## Your goal
From the listing that follows, extract every line and set it down unaltered.

## Supplied material
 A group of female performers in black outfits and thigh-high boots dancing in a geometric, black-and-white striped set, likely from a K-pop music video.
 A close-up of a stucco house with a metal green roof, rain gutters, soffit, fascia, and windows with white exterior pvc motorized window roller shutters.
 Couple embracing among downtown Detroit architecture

## Expected output
 A group of female performers in black outfits and thigh-high boots dancing in a geometric, black-and-white striped set, likely from a K-pop music video.
 A close-up of a stucco house with a metal green roof, rain gutters, soffit, fascia, and windows with white exterior pvc motorized window roller shutters.
 Couple embracing among downtown Detroit architecture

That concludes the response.